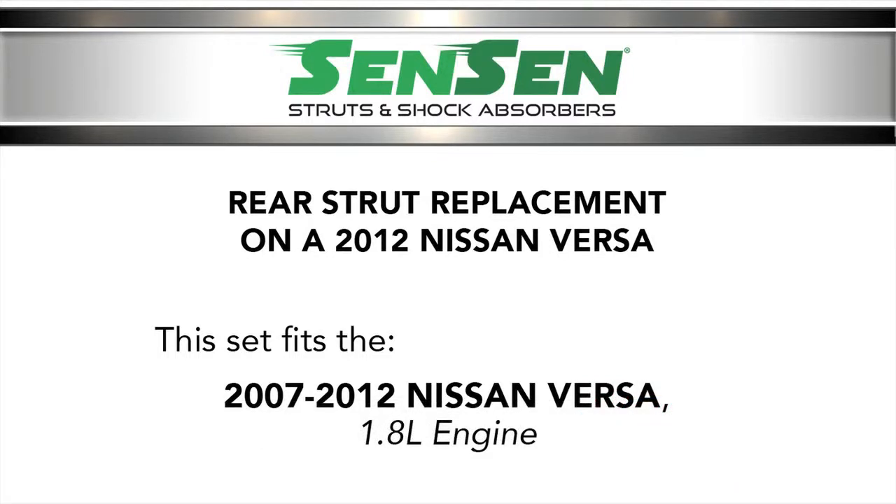This concludes our rear strut installation on a 2012 Nissan Versa. Be sure to look for our front complete strut assembly installation video for this vehicle.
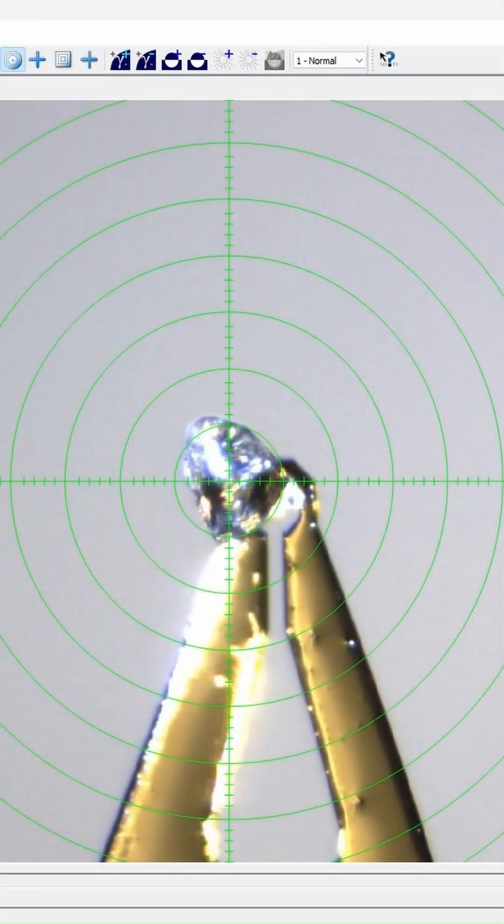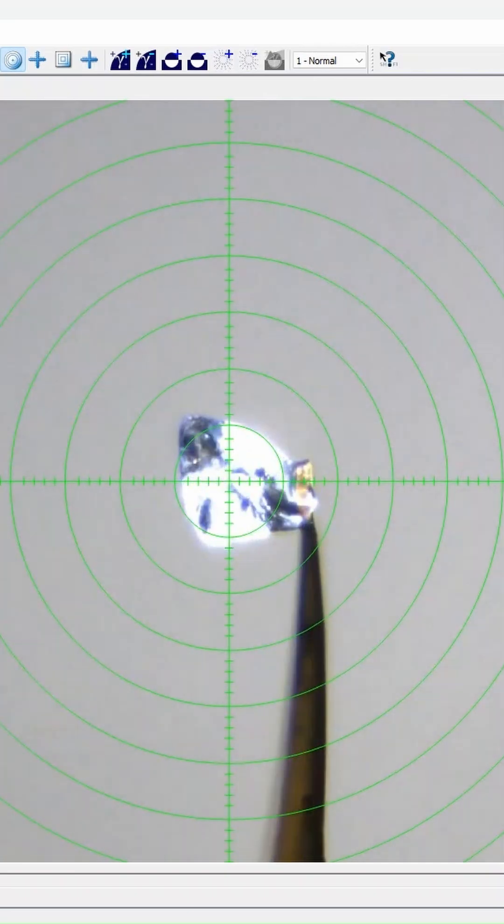Mount that crystal onto your goniometer head and open the Center Crystal plug-in. Take your goniometer key and move your crystal up and down and left and right until it's in the center of those crosshairs. Now move it 90 degrees and you'll be able to see the other axis — center this one as well. Continue to change your crystal orientation until you have that crystal in the center of the crosshairs every time you turn.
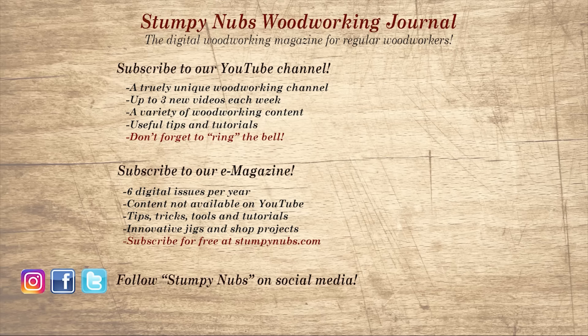Wait, don't go yet. If you're new here, please subscribe and remember to ring the bell — I would really appreciate that. Give us a thumbs up, or better yet, leave us a comment. I always read them. And be sure to check out the latest issue of Stumpy Nubs Woodworking Journal. It's always packed with tips, tricks, and tutorials designed to make you a better woodworker.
------------------------
▸ Required action
Without any pictures, please write out the lines from the one containing "Mount that crystal" through the final line of the data, exactly and inclusive of both ends.

▸ Answer to this problem
Mount that crystal onto your goniometer head and open the Center Crystal plug-in. Take your goniometer key and move your crystal up and down and left and right until it's in the center of those crosshairs. Now move it 90 degrees and you'll be able to see the other axis — center this one as well. Continue to change your crystal orientation until you have that crystal in the center of the crosshairs every time you turn.
Wait, don't go yet. If you're new here, please subscribe and remember to ring the bell — I would really appreciate that. Give us a thumbs up, or better yet, leave us a comment. I always read them. And be sure to check out the latest issue of Stumpy Nubs Woodworking Journal. It's always packed with tips, tricks, and tutorials designed to make you a better woodworker.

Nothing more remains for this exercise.